We were building something that could change outcomes for people, which is always part of what we're trying to do. And so once you can get into that space where you're practicing in a judgment free way, and you're able to see yourself and hear yourself back, then, you know, you can't unsee it and you're then focused on improving it to be a better version of yourself.
Gemma Versace:
What an amazing launchpad too that, as you said, coming from during COVID where people weren't sitting in front of each other, they didn't have that connectivity and engagement that, you know, we once had when everybody was in the office. So, what a fabulous opportunity for people that, you know, sitting in a meeting online maybe didn't feel that confidence to be able to articulate or share their ideas and to be able to give them this vehicle to do that is amazing.
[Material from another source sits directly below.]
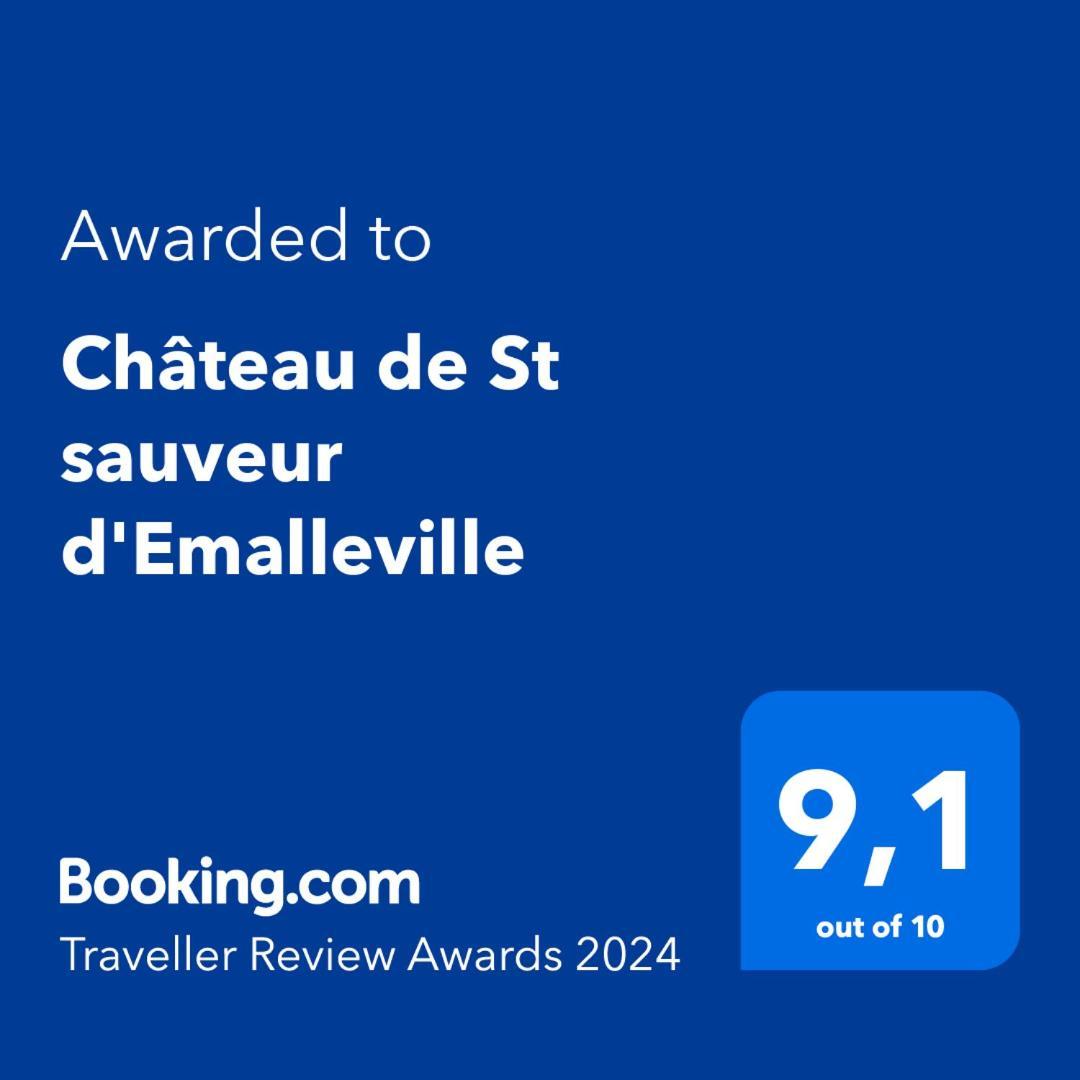 Chateau De St Sauveur D'Émalleville Dış mekan fotoğraf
And then so that's the kind of practical side of it. But then the amazing, the meaningfulness that comes with some of those examples that you just gave there is just a genuine, what a fabulous product that you know, you can no doubt, and you can definitely see why you and your co-founder and Yoodli are so successful because the meaning and the opportunity to give people the opportunity to be able to practice that and be able to get that feedback and grow that confidence is just so amazing.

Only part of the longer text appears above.